# [YOUR OBJECTIVE]
Each line, starting at the one with "I think we're" and running to the end of the data below, is to be set down again exactly, both ends included; leave pictures out.

Segment Open

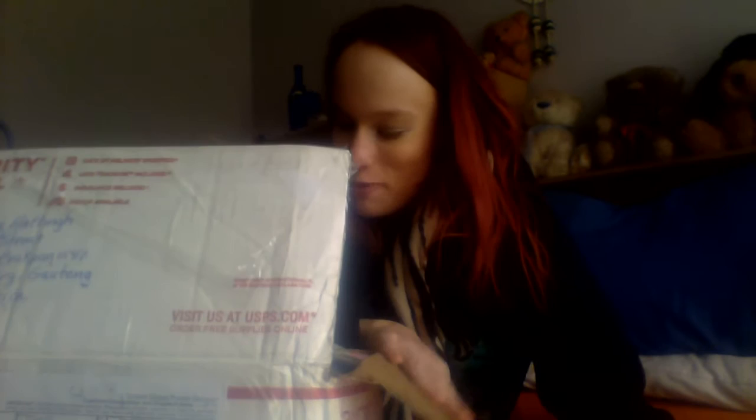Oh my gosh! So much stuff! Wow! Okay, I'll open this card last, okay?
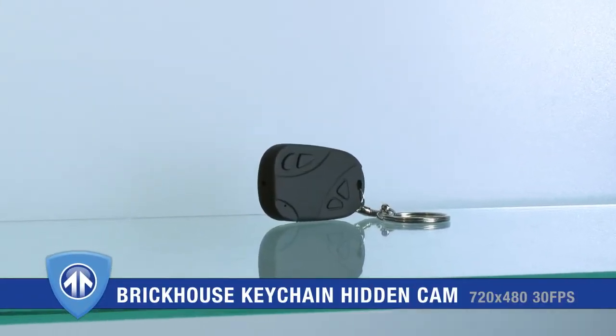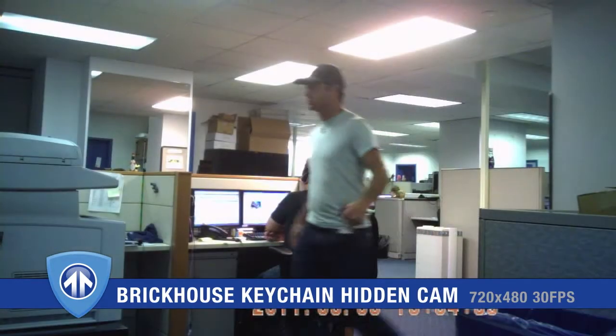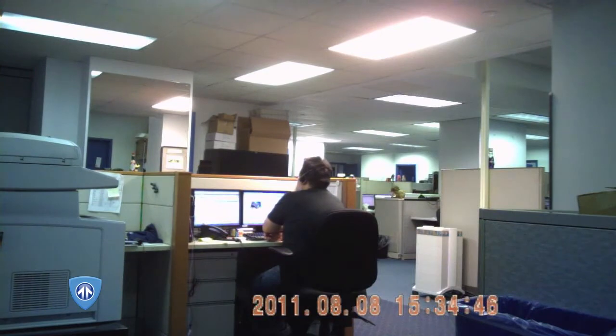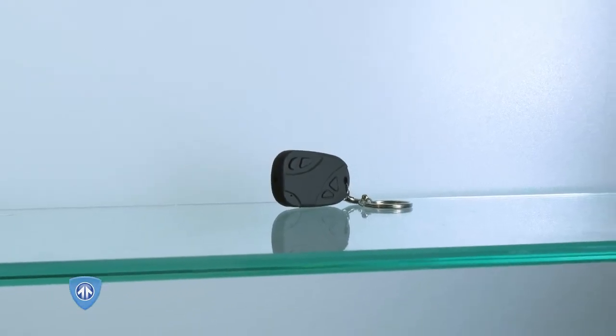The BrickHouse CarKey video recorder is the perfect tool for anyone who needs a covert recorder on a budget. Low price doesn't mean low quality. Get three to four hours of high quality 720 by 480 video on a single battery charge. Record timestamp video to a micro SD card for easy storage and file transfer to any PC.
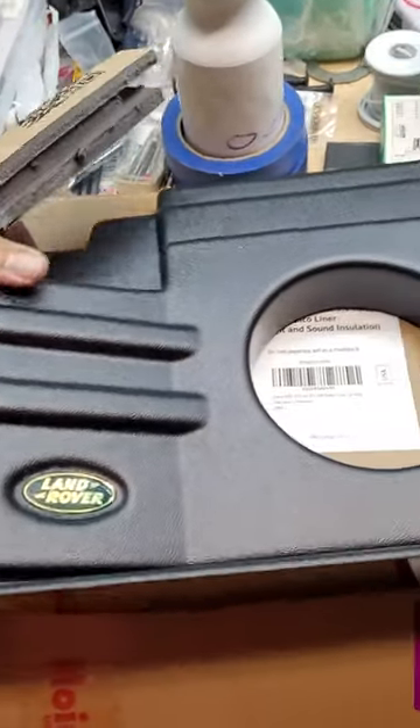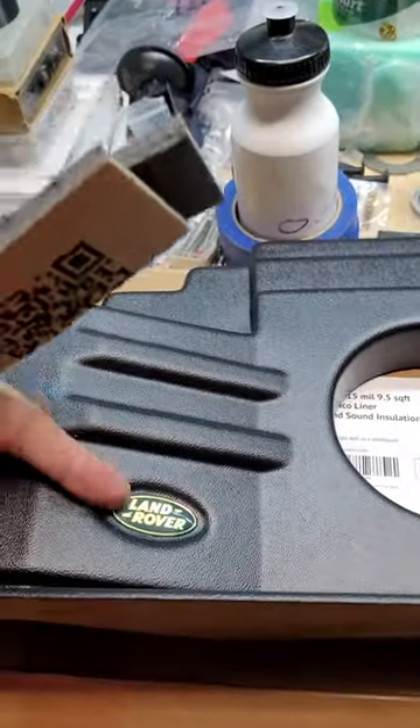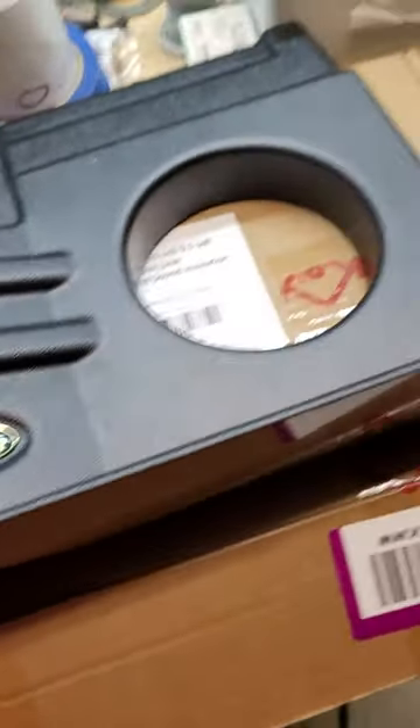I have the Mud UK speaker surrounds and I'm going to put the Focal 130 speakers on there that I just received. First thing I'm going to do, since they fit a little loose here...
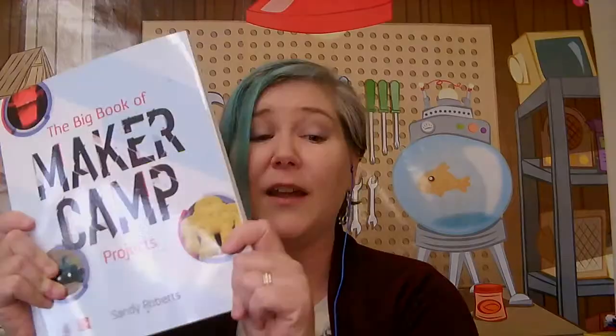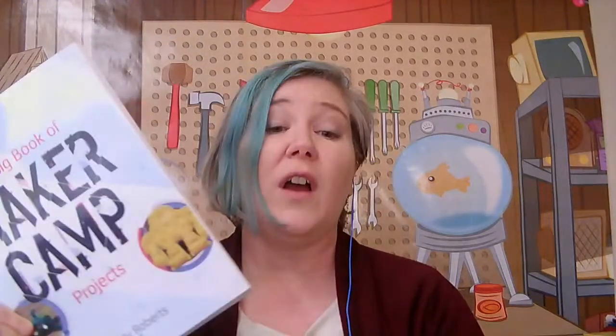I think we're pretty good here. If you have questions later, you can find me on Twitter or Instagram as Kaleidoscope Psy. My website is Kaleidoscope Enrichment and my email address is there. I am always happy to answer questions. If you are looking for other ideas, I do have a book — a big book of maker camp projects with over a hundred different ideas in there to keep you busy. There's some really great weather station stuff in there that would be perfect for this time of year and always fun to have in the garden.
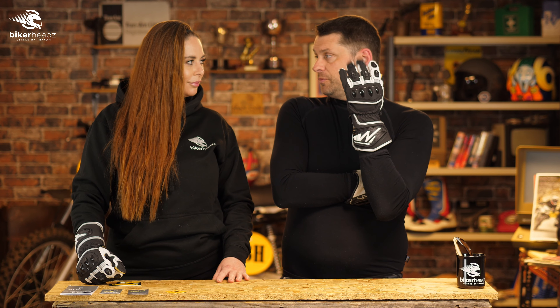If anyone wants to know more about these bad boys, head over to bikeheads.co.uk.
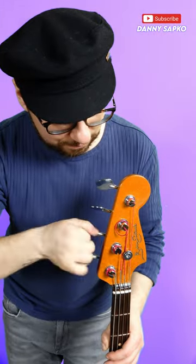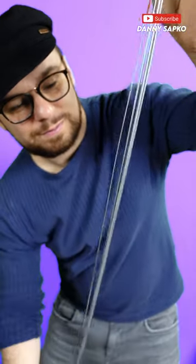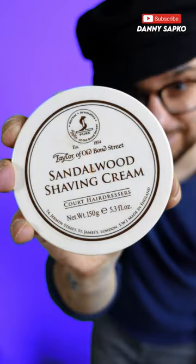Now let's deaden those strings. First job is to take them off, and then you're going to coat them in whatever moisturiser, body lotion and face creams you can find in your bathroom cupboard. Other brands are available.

Segment Closed

# [RESPONSE AREA]
I think we're pretty good here. If you have questions later, you can find me on Twitter or Instagram as Kaleidoscope Psy. My website is Kaleidoscope Enrichment and my email address is there. I am always happy to answer questions. If you are looking for other ideas, I do have a book — a big book of maker camp projects with over a hundred different ideas in there to keep you busy. There's some really great weather station stuff in there that would be perfect for this time of year and always fun to have in the garden.
If anyone wants to know more about these bad boys, head over to bikeheads.co.uk.
Now let's deaden those strings. First job is to take them off, and then you're going to coat them in whatever moisturiser, body lotion and face creams you can find in your bathroom cupboard. Other brands are available.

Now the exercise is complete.